Dataset extract ::
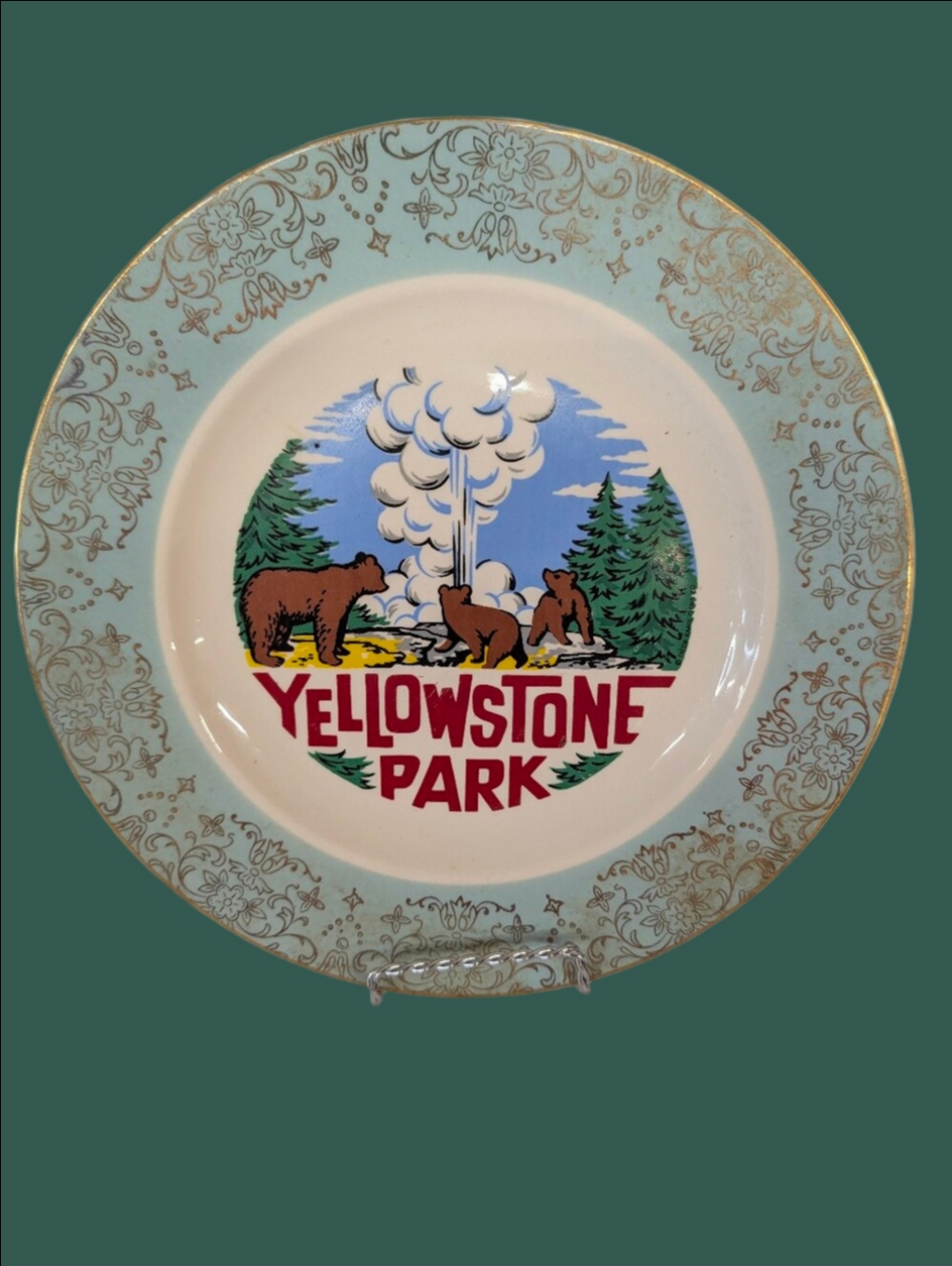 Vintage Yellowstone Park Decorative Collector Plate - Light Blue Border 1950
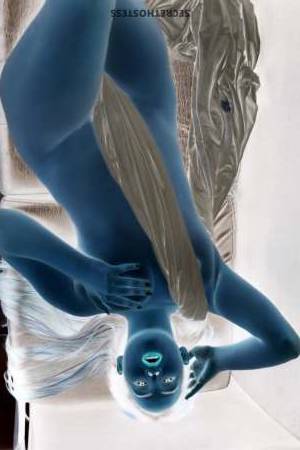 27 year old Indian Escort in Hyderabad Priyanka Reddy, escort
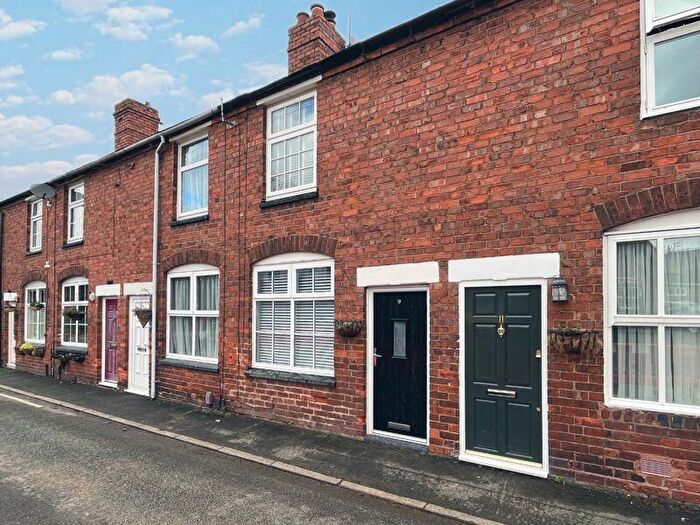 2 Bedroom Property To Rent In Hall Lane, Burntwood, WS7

Task to carry out :: Leave the pictures out and transcribe the remaining material exactly.

Solution for this task ::
 Vintage Yellowstone Park Decorative Collector Plate - Light Blue Border 1950
 27 year old Indian Escort in Hyderabad Priyanka Reddy, escort
 2 Bedroom Property To Rent In Hall Lane, Burntwood, WS7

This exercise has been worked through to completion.